**Prompt:** If a line below holds the word "Purple", count it; then say how many such lines there are and nothing else.

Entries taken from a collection

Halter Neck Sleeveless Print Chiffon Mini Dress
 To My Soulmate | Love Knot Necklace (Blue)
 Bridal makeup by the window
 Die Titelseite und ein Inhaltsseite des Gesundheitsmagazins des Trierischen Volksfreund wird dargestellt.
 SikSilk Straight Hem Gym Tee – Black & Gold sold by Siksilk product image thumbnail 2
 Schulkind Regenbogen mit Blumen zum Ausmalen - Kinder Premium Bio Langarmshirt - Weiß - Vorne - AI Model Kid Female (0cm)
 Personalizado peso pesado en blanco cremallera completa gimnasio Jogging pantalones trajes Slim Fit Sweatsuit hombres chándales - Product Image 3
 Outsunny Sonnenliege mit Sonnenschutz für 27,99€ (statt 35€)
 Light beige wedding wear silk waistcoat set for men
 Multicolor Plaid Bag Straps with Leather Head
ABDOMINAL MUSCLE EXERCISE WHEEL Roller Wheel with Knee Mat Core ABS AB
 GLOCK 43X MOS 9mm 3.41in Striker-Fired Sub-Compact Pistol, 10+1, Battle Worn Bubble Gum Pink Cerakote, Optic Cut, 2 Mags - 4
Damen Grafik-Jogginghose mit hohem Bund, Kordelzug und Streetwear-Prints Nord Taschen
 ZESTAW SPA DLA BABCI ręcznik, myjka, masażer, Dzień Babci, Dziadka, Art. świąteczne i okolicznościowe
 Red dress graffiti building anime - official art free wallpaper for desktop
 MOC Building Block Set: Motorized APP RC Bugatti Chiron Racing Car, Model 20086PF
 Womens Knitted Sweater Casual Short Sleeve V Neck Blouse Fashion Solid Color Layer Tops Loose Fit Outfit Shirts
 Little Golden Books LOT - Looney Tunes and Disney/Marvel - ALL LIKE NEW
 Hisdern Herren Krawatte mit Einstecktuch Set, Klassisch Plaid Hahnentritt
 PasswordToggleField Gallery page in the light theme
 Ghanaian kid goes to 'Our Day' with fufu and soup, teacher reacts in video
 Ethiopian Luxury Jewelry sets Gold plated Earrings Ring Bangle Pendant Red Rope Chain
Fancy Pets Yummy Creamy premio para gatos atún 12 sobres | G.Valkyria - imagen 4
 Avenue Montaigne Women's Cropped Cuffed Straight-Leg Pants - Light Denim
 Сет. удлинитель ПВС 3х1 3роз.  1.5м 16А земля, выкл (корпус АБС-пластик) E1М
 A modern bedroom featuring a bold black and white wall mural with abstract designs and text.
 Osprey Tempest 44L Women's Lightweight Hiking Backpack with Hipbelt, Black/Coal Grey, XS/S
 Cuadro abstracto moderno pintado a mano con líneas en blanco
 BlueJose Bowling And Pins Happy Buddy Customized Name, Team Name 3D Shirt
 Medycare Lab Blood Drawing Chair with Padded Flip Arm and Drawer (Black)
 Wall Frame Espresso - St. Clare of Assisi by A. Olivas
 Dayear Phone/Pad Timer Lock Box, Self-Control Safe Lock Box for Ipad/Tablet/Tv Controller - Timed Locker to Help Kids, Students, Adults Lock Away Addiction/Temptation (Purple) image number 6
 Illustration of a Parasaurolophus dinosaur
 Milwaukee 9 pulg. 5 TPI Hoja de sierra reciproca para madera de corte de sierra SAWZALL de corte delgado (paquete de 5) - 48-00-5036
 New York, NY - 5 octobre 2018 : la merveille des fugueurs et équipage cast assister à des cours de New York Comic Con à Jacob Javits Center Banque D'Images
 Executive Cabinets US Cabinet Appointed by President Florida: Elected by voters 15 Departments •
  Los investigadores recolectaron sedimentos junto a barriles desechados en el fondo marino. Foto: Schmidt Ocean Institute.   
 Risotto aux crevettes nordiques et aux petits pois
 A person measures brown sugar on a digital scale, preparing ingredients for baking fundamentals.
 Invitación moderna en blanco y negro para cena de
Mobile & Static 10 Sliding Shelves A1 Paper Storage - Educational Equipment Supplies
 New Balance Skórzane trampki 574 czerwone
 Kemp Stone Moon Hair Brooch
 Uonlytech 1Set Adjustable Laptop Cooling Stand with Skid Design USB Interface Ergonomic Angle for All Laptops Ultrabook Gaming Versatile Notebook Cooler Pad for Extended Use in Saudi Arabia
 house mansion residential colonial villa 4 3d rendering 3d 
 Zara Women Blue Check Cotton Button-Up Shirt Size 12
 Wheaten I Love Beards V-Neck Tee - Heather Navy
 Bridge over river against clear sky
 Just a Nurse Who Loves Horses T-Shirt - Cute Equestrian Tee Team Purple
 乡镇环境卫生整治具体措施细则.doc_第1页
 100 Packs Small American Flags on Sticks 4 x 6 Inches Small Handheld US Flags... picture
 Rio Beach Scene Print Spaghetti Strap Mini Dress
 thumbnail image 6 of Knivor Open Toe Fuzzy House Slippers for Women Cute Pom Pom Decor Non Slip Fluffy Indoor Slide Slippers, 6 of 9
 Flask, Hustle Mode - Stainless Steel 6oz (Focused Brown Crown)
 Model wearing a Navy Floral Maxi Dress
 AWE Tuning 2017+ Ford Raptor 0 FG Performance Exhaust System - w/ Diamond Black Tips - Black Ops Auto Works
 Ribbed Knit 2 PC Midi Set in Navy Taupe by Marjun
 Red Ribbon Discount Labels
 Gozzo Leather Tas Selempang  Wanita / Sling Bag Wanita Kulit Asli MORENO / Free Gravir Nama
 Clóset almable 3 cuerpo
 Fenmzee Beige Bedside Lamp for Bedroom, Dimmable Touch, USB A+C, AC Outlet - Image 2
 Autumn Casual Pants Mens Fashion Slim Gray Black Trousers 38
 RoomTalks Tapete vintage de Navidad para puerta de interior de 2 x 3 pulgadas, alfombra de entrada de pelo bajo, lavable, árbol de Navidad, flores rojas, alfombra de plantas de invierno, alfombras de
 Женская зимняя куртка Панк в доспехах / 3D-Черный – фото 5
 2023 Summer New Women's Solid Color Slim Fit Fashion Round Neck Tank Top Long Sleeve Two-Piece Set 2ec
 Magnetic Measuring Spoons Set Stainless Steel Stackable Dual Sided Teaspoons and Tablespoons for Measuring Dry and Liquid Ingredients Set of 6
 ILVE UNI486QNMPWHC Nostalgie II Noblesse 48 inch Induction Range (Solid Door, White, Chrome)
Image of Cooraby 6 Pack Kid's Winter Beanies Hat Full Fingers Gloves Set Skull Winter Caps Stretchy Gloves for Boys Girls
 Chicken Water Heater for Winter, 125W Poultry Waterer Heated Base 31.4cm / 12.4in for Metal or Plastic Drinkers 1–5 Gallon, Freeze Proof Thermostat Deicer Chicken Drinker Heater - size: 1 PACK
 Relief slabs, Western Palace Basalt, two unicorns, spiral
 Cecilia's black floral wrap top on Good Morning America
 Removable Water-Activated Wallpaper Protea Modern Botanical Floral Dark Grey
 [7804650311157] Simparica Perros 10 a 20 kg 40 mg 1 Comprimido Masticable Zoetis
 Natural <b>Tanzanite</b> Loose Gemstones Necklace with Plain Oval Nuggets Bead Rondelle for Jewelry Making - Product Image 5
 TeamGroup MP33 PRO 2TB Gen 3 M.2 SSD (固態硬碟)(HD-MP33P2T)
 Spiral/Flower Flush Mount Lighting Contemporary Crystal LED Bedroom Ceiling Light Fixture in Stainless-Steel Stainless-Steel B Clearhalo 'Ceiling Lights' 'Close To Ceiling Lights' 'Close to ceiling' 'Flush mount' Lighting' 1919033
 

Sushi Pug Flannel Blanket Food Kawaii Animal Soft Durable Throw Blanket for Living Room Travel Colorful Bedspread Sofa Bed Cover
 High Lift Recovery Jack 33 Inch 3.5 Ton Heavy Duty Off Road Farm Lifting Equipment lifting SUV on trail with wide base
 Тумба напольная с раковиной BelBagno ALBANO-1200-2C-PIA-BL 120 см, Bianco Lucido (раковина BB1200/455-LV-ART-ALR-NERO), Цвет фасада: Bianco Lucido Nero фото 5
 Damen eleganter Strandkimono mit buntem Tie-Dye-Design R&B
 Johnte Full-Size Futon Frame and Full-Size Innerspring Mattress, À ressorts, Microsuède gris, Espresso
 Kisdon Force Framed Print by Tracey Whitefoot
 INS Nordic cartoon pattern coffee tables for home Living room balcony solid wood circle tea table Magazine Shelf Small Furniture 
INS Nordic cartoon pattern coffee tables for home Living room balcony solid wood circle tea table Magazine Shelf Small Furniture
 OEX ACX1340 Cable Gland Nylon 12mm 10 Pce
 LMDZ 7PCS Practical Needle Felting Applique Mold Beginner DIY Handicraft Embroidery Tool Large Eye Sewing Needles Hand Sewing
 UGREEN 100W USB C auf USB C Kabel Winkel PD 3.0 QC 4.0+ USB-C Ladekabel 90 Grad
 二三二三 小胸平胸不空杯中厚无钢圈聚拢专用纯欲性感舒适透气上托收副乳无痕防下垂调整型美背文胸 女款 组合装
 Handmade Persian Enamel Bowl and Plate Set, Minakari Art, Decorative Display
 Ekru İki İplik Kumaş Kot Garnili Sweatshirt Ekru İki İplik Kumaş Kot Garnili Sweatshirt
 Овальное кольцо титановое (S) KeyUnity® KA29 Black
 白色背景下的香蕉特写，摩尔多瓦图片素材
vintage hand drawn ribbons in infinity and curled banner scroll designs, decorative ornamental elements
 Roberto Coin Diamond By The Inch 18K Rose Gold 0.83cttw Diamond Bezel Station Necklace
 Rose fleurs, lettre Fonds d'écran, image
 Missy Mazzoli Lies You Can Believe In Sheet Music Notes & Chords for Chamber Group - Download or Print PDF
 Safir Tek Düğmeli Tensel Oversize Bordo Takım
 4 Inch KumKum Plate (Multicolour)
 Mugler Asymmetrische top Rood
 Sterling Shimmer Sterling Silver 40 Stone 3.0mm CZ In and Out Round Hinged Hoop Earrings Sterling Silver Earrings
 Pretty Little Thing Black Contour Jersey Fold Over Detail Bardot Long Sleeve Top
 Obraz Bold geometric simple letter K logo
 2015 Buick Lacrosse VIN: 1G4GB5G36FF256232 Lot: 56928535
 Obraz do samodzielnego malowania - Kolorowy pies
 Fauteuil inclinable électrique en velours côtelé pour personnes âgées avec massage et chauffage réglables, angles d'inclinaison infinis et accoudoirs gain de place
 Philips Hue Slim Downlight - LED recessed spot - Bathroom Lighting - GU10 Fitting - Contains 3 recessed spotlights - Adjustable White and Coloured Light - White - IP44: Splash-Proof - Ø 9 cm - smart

**Task result:** 2